En su libro Memorias[1], Lilia Suárez recuerda cómo La Jornada inició en el Casino de la Selva. A continuación reproducimos ese fragmento

La Jornada

(Huéspedes en pos de un diario)

Debo decir que en las instalaciones del Casino de la Selva se gestó el nacimiento del periódico La Jornada.

Recuerdo que una mañana de enero de 1984 recibí una llamada de mi hija Lilia quien me dijo: “¡oye mami!, fíjate que van para Cuernavaca a trabajar unos entrañables amigos nuestros, y se quieren hospedar en el Casino de la Selva, son cinco personas, te los encargo mucho, estarán como tres días”. Me quedé pasmada, pero sólo le pregunté: “bueno hija, nada más dime los nombres para hacer las reservaciones”. Me dijo que eran Carlos Payán, Héctor Aguilar Camín, Miguel Ángel Granados Chapa, Humberto Musacchio y Carmen Lira.

Como el hospedaje se dio entre semana no hubo problema con las habitaciones, les asigné cinco suites como huéspedes honorarios.

Debo decir que yo no tenía ni la más remota idea de quiénes eran estos personajes, a quienes yo veía de lejos a la hora de la comida discutiendo y tomándose un whisky. Después, me enteré que eran escritores y periodistas que estaban preparando un periódico.
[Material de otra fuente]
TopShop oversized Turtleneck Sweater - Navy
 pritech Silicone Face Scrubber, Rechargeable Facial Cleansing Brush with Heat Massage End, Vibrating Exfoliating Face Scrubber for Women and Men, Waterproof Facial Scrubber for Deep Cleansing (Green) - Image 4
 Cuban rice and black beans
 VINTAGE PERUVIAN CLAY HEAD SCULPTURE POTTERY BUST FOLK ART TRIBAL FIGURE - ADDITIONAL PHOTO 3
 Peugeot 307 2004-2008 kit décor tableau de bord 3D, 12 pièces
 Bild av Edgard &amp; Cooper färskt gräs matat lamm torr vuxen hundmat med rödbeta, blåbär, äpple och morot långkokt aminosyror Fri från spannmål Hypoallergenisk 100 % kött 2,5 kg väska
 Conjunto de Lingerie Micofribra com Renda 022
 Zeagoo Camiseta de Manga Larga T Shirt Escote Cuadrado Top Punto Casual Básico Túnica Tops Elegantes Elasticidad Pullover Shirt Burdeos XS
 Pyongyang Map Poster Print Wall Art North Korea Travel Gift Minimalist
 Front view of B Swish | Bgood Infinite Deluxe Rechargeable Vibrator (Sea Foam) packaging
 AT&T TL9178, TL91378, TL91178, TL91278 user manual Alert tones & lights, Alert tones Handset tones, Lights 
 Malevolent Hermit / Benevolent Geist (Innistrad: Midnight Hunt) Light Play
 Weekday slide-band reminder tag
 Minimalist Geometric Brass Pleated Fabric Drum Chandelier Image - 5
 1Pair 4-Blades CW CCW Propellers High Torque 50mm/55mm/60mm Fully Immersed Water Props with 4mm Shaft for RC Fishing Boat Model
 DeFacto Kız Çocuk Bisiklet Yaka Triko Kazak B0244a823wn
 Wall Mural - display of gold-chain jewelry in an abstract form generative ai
Tiempo después, le comenté a mi papá que necesitaban que les prestara el Polifórum, donde lanzarían el nuevo diario, esto fue el 29 de febrero de 1984 con una asistencia de más de 7 mil personas, incluyéndome como espectadora, y también, por qué no, un poco parte de ese enorme proyecto, que hasta el día de hoy es un gran diario que miles leemos.

Quiero añadir que desde entonces tuve y tengo el privilegio de haber conocido y llegar a ser amiga de la gran persona que es Carmen Lira.